::: RAW DATA :::
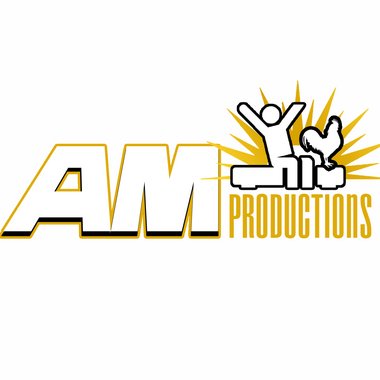 Andre W. - Freelance Videographer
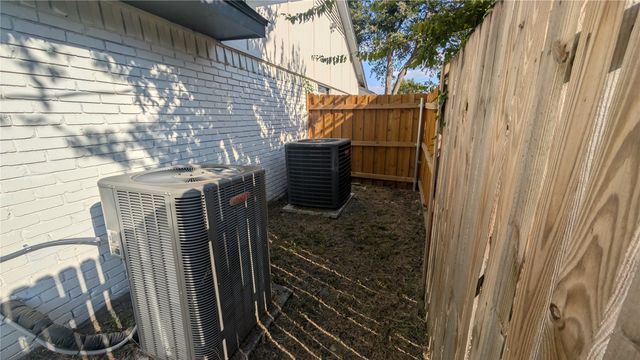 11011 Ferguson Road, Dallas, TX 75228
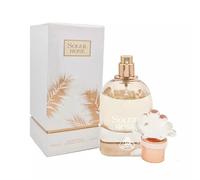 Soleil Rose | Eau De Parfum 100ml | by Fragrance World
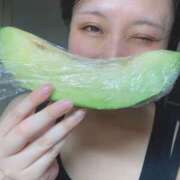 ヒメ日記 2025/09/04 00:36 投稿 あさみ 千葉柏ちゃんこ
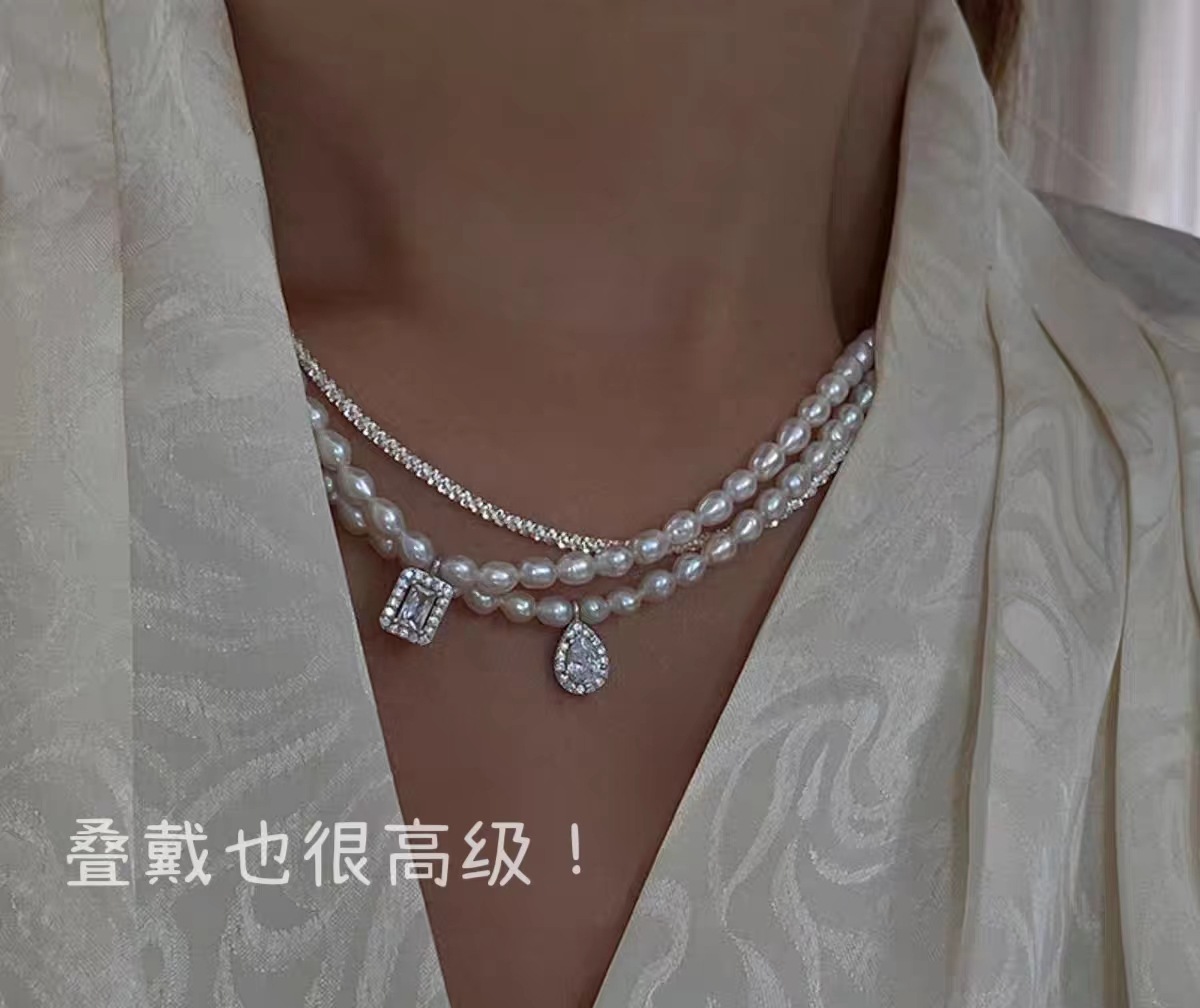 693a44f02e83f9d4965d694f59067e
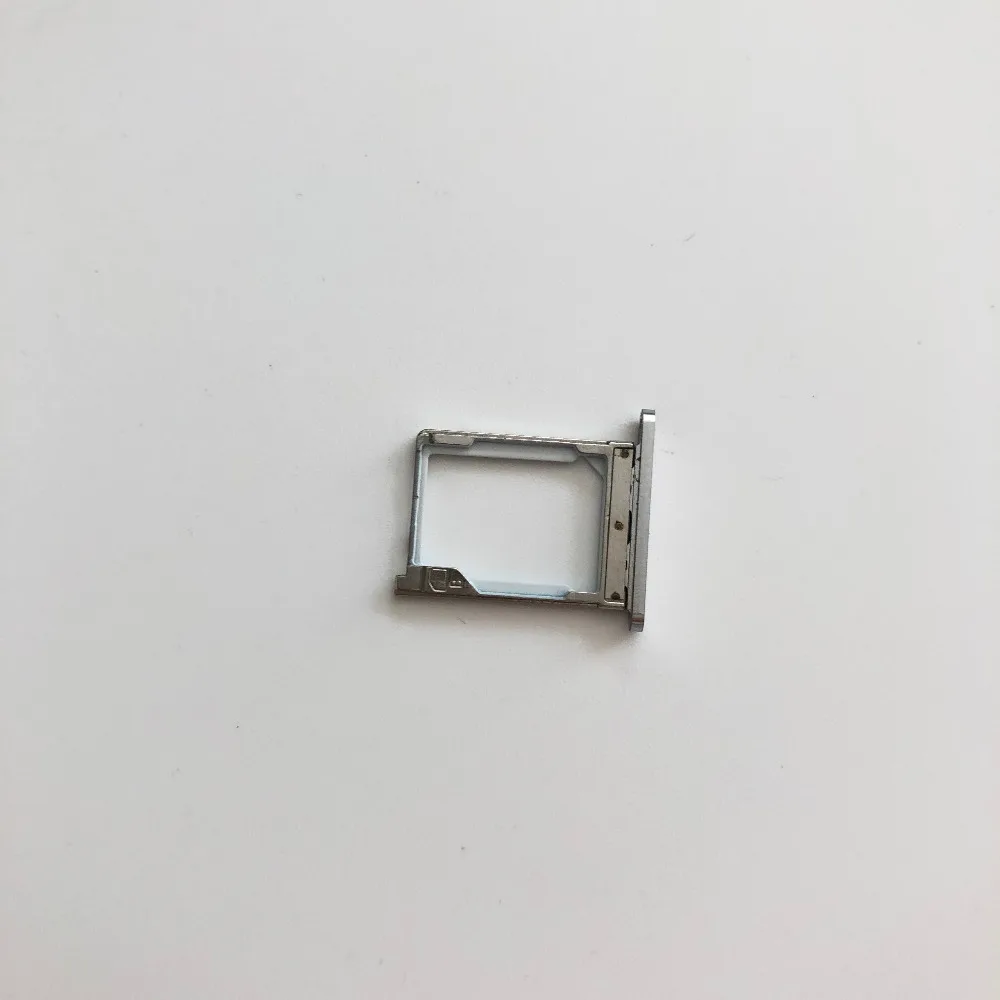 Sim Card Holder Tray Card Slot For Uhans S1 MTK6753 64bit Octa Core 5.0 inch 1280x720 + Tracking Number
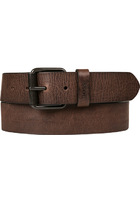 Hugo Boss Gürtel Jesse 50385672/202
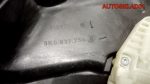 Стеклоподъемник передний правый в сборе VW Golf 6 5K0837462B - АвтоСклад31.рф - авторазборка контрактные б/у запчасти в г. Белгород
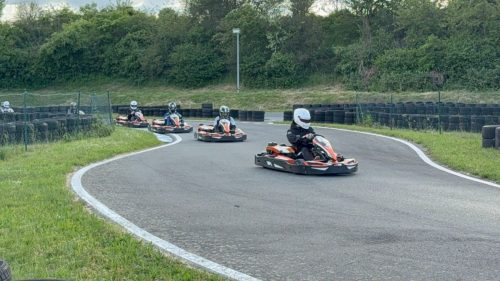 Monatsrennen-02-2025-Bild-012
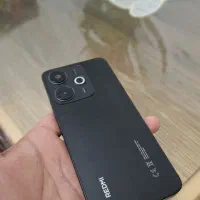 گوشی ردمی 13x / redmi13x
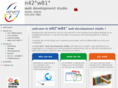 n42w81.com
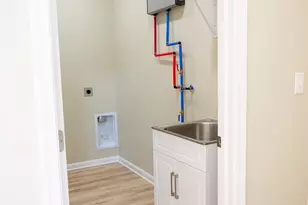 3403 Great Oaks Rd, East New Market, MD 21631 - Photo 24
:::
◆ EXERCISE GOAL
The answer consists of the records repeated exactly, without any images.

◆ PROBLEM SOLUTION
 Andre W. - Freelance Videographer
 11011 Ferguson Road, Dallas, TX 75228
 Soleil Rose | Eau De Parfum 100ml | by Fragrance World
 ヒメ日記 2025/09/04 00:36 投稿 あさみ 千葉柏ちゃんこ
 693a44f02e83f9d4965d694f59067e
 Sim Card Holder Tray Card Slot For Uhans S1 MTK6753 64bit Octa Core 5.0 inch 1280x720 + Tracking Number
 Hugo Boss Gürtel Jesse 50385672/202
 Стеклоподъемник передний правый в сборе VW Golf 6 5K0837462B - АвтоСклад31.рф - авторазборка контрактные б/у запчасти в г. Белгород
 Monatsrennen-02-2025-Bild-012
 گوشی ردمی 13x / redmi13x
 n42w81.com
 3403 Great Oaks Rd, East New Market, MD 21631 - Photo 24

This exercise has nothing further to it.